* Instructions for the task
Copy exactly, and only, the lines between the start of the entries below and the line containing "A plaster cast", both inclusive. Omit pictures.

* Data supplied
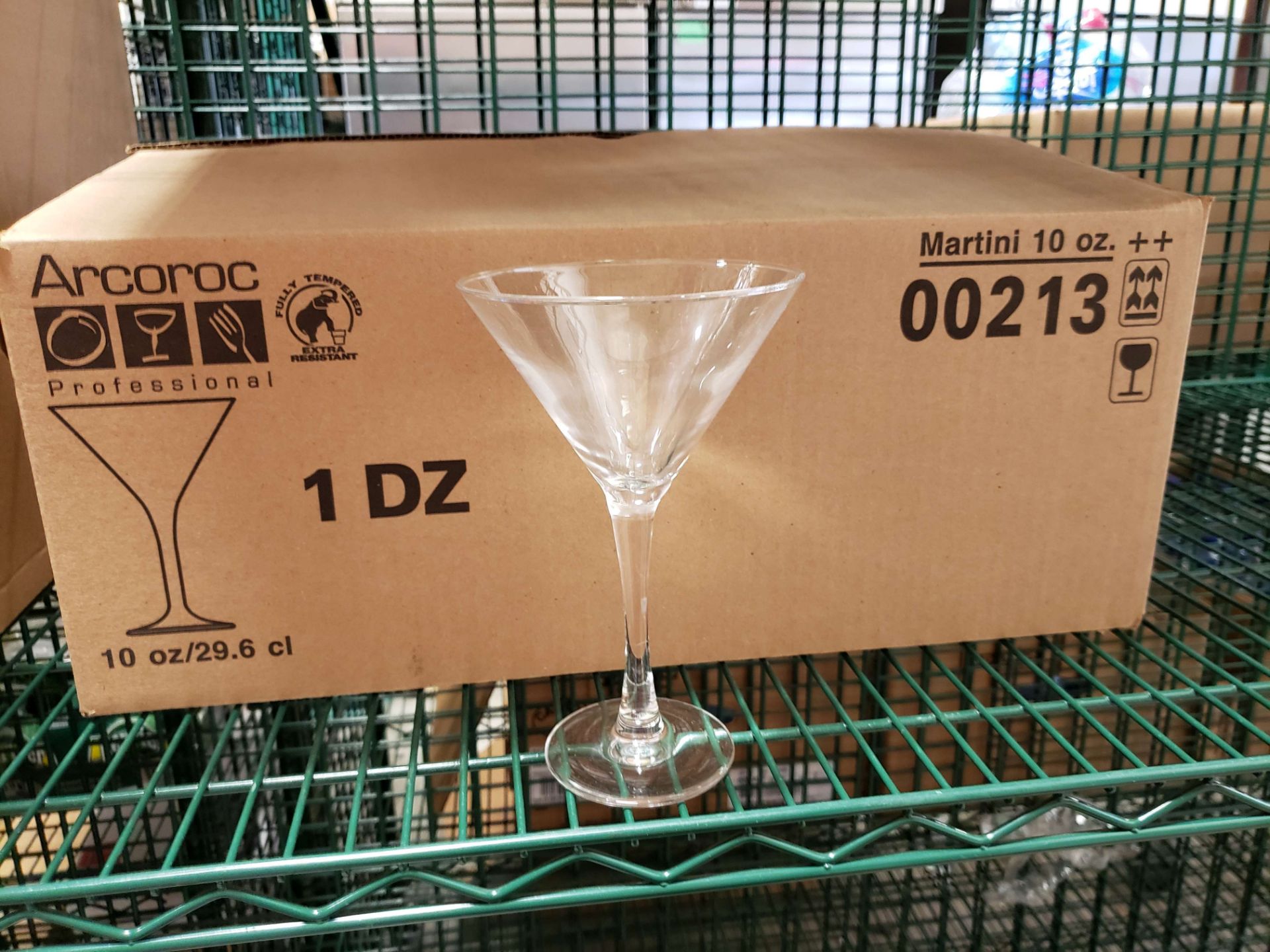 Arcoroc 10 oz Martini Glasses - Lot of 11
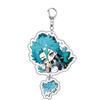 Wuthering Waves Anime Acrylic Key Ring Scar Kakaro Rover Jinhsi Changli Creative Double Sided Pendant Keyring Game Peripherals Premium Quality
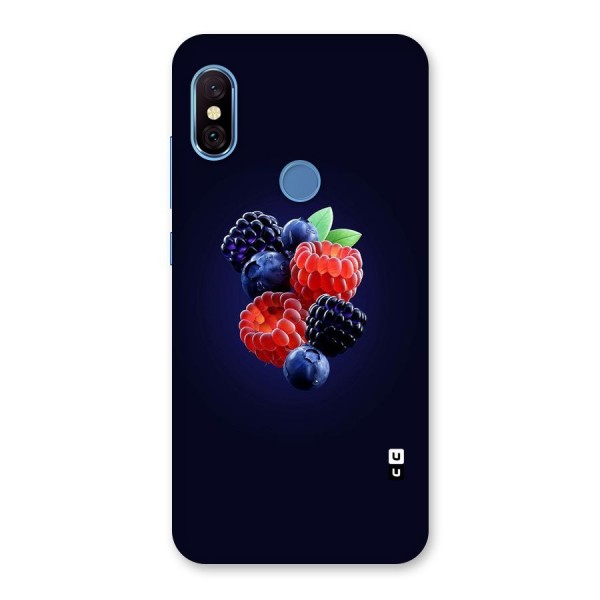 Berry Blast Back Case for Redmi Note 6 Pro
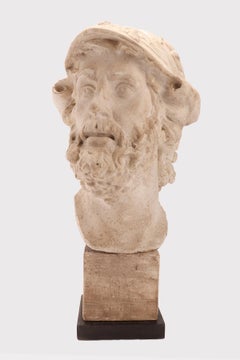 A plaster cast for drawing teaching: the head of Menelao, Italy 1890.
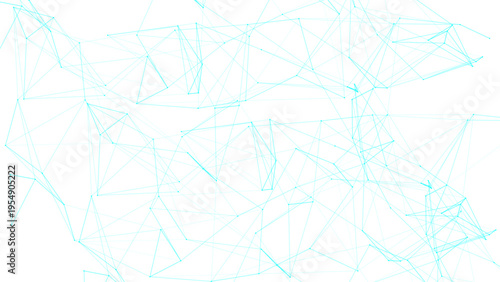 Vector Abstract digital network connects data with ethereal luminescence and geometric pattern forming and technological and innovative concepts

* Exercise output
 Arcoroc 10 oz Martini Glasses - Lot of 11
 Wuthering Waves Anime Acrylic Key Ring Scar Kakaro Rover Jinhsi Changli Creative Double Sided Pendant Keyring Game Peripherals Premium Quality
 Berry Blast Back Case for Redmi Note 6 Pro
 A plaster cast for drawing teaching: the head of Menelao, Italy 1890.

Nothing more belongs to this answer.